CGI.pm sticky hidden fields: why?

W

wana

Is there any justification for the 'stickiness' of hidden fields? A
web page viewer cannot legitimately enter a value into a hidden field,
so why would anyone want to hold over a value to the next page?

I really got stuck on this one for a while because I was creating a
session and passing the session id in a hidden field and it was
getting stuck there and not changing when it was supposed to until I
added -override=>1.

Also, in passing session id via url, Konqueror seems to have a problem
with this. Even with sample code from the Perl and MySQL book, I had
to go to the address bar and press enter each time as if I was typing
in the address with session id each time for it to work. I did not
bother to test this with Netscape since I prefer passing by hidden
field and that seems to work now that I know they are sticky.
 
A

Alan J. Flavell

(e-mail address removed) (Randal L. Schwartz) wrote:

} It's not really for the *next* page.

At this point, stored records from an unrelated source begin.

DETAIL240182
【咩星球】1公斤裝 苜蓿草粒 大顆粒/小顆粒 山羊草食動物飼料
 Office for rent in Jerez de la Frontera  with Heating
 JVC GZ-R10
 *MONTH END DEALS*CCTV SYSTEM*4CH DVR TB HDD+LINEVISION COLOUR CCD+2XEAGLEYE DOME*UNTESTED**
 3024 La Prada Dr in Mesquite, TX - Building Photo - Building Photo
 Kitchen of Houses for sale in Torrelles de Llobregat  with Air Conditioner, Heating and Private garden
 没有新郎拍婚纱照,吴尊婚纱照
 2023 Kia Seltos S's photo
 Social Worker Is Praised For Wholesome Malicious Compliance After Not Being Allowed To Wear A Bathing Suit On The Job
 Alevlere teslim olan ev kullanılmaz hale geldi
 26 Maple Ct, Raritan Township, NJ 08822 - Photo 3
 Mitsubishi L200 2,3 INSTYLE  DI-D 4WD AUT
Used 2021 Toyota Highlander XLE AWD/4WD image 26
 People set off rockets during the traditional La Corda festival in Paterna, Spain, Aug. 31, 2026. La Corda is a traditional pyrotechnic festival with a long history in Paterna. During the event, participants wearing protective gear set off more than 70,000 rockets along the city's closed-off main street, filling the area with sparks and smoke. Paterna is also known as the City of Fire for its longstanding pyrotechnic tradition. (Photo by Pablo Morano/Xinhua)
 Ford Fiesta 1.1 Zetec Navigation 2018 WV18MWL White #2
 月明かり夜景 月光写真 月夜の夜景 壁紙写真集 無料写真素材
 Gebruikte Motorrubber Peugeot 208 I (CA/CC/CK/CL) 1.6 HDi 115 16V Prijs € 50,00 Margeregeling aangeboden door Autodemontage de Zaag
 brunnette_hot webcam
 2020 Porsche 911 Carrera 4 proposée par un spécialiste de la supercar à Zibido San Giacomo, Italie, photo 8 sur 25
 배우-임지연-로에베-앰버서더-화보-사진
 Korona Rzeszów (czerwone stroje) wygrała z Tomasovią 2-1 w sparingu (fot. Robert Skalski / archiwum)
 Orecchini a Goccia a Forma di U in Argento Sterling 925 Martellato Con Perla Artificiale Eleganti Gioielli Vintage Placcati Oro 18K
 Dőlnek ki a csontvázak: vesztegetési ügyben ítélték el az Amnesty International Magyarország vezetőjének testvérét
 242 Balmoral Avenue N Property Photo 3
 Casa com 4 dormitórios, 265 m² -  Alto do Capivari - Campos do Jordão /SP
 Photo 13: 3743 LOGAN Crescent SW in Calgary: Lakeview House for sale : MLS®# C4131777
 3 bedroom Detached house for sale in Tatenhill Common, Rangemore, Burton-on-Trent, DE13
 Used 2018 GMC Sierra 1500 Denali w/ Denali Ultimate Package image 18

It's when you want to redisplay
} *this* page because of an error.

Interesting balancing: I display *scores* of pages and rarely run into a
'redisplay'.

Maybe you use forms in a different way, then...
} Good design guidelines say that when you redisplay the current
page } with errors flagged that you default to the previous value.
The code } to do that manually would be hard to remember to include,
so I'm glad } the default is "sticky".

Seems reasonable to me.
Interesting, the other side of the coin is that you have to remember
*ALL*THE*TIME* that if you change a value it *wont*get*changed* and so
you'l come back into your CGI with wrong stuff... You slip up once
remembering to stick in the annoying "-override" and your CGI pgm
misbehaves.

If that's what you *routinely* want, then you'd be better advised
to use the -nosticky pragma. Documented below
http://stein.cshl.org/WWW/software/CGI/#import
so I really think the default is the wrong way

I guess that a default is always the wrong way for *somebody*...
[and at the least, I wish there was a way to say "no thank you" to
it]

In what way does -nosticky fall short of your needs?